La Calabria è situata lungo il margine convergente tra la placca tettonica africana e quella euroasiatica, rendendo questa regione particolarmente suscettibile a intensa attività sismica. La faglia responsabile del terremoto del 1783 è stata identificata come parte del sistema di faglie che attraversa la regione, che ha generato sismi potenti anche in tempi più recenti.
Il primo grande sisma colpì il 5 febbraio alle ore 12:00, con epicentro vicino Oppido Mamertina. Seguirono scosse altrettanto forti il 6 e il 7 febbraio. La serie di terremoti culminò con altre due grandi scosse il 1° e il 28 marzo. Ogni sisma fu accompagnato da danni catastrofici e da fenomeni come frane, tsunami e liquefazione del suolo.
I terremoti distrussero numerose città e paesi, tra cui Oppido Mamertina, Scilla, Palmi, e Seminara. A Scilla, uno tsunami conseguente al terremoto causò immense devastazioni lungo la costa, annientando interi quartieri.
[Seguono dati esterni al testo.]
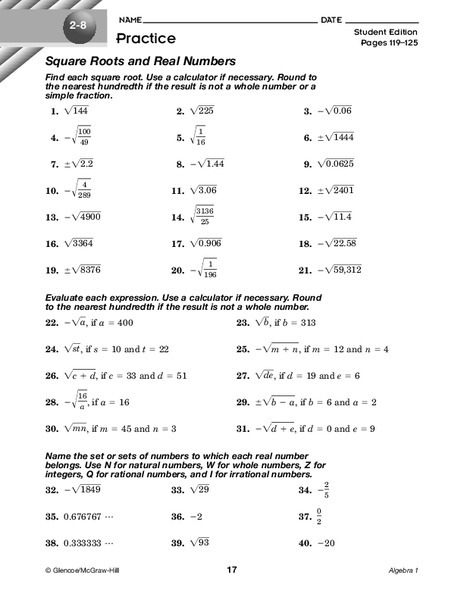 Square Roots and Real Numbers Worksheet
Le stime delle vittime variano, ma si ritiene che i morti furono tra i 25.000 e i 50.000, rendendo questa serie di terremoti una delle più letali nella storia italiana.
Il terremoto del 1783 è noto per i vasti fenomeni di liquefazione osservati. I testimoni riferirono di aver visto “vulcanelli di fango” lungo le rive del fiume Mesima, dove l’acqua e il fango eruttarono dal suolo come geysers. Questi eventi dimostrarono l’estrema instabilità del terreno alluvionale saturato d’acqua nella regione.
La risposta al disastro fu complicata dalla politica e dall’infrastruttura dell’epoca. Re Ferdinando IV di Borbone istituì la “Reale Commissione per la ricostruzione delle Calabrie” che supervisionò la pianificazione e la costruzione di nuove strutture secondo principi antisismici, una novità per quel tempo.
Il terremoto del 1783 ebbe un profondo impatto sulla società calabrese e sulla scienza sismologica. Il filosofo e scienziato britannico John Michell analizzò i rapporti sul terremoto, contribuendo allo sviluppo delle prime teorie scientifiche sui terremoti. Inoltre, la catastrofe portò a una riflessione sulle norme di costruzione e sulla necessità di politiche di protezione civile più efficaci.